One technique is John Boyland's Hedge where you pre-allocate a chunk of memory for a rainy day, then release it on an out-of-memory exception: this can reduce thrashing and give a little more memory at best to tide you over the problem, and at worst to safely fail or recover. Another approach for Java is to use NIO for external buffers as much as possible, so that large incoming files don't use up heap space in the JVM. And another technique, which is so often ignored by Java programmers, is that whenever you have an object or initial reference to a graph of objects that has the potential to get large, you should explicitly null the references as soon as the object is no longer needed, and not leave it to Java's automatic garbage collection: an object will stay referenced according to the block scope, so it may be unrecoverable for many lines of code.
The issue with the start tags is interesting. I think most people writing serious desktop applications in Java come across the problem sooner or later that so many Java libraries are written for server applications, and can hog resources. It is not limited to Java, as users of Firefox (and its occasional hangs, relating to blocking IO) can attest: the vulnerability was found in IE 6
Microsoft Internet Explorer 6 through 6.0.2900.2180 and 7 through 7.0.6000.16473 allows remote attackers to cause a denial of service (CPU consumption) via an XML document composed of a long series of start-tags with no corresponding end-tags
Here is some example code for generating such a document that caused some kind of problem with Opera (now fixed):
exploit = '<A>' * 7400
exploit = '<xml>' + exploit + '</xml>'
Every few months I send around an email to the programmers at work, reminding them to make their Java libraries "good citizen". In particular, this means knowing where in their code there could be long processing runs that could hog resources: putting in explicit Thread.yield() every 1000 iterations of some CPU-intensive loops for example can make GUI responses much smoother, unblock other threads, and even help with garbage collection. And putting in actual small delays (not CPU-wasting dummy loops of course!) in code which accesses shared congestable resources such as disks and file systems prevents your process from acting like, in effect, a virus.
It is interesting to read comments from vendors that a particular problem may make the system vulnerable to "XML fuzzing attacks". But I don't see that "XML fuzzing" (systematically generating documents with random or systematic flaws and seeing if this exposes any problem) is of itself an attack: it just may expose a method of attack.
It strikes me that this would be a good subject for an abstract test suite: or at least a recipe that testers can use to generate some general test cases.
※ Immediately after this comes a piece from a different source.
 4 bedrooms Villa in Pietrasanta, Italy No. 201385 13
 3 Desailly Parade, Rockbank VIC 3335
Without claiming to be exhaustive:
- Does the application respond gracefully and safely to missing documents?
- Does the application respond gracefully and safely to zero size documents?
- Does the application respond gracefully and safely to documents with a well-formedness mistake at the beginning?
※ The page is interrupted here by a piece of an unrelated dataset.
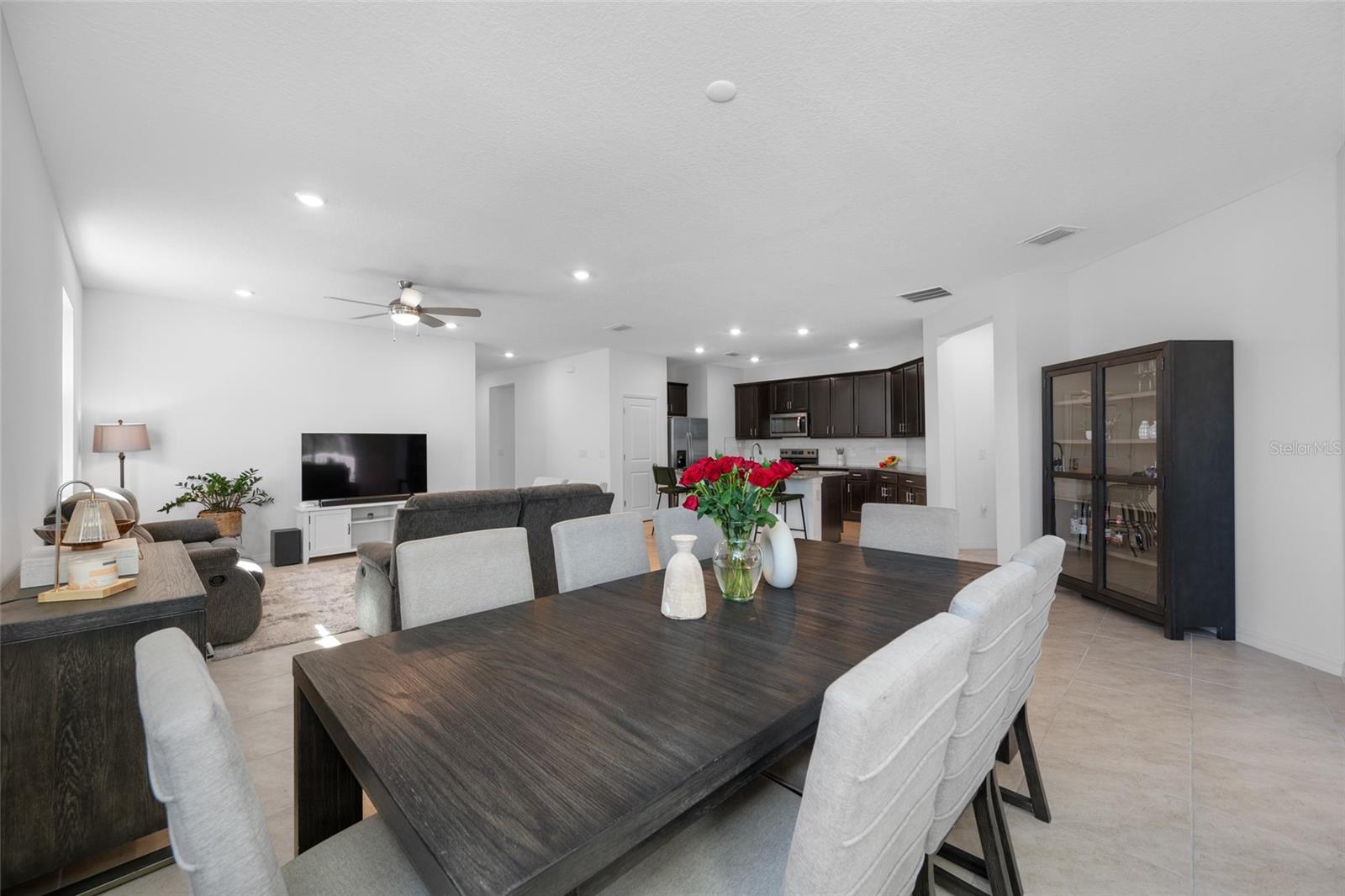 Image 21 of 72 For 20076 Azul Marble Loop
- Does the application respond gracefully and safely to documents with a well-formedness mistake at the end?
- Does the application respond gracefully and safely to oversized documents?
- Does the application respond gracefully and safely to multiple simultaneous large documents, which are together larger than max JVM memory / 2? Does this cause thrashing?
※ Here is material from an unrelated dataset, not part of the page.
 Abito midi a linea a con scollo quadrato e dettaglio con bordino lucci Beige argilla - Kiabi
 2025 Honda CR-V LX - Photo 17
- Does the application respond gracefully and safely to infinite documents?
- Does the application reject gracefully and safely documents with DTDs? (not always appropriate)
- The good, the bad and the ugly: Does the application respond gracefully and safely to documents in UTF-8, CP-1252 and some unexpected encoding perhaps Big5 for Westerners?
Readers with pointers to more practical info (no product references please!) are welcome to add comments.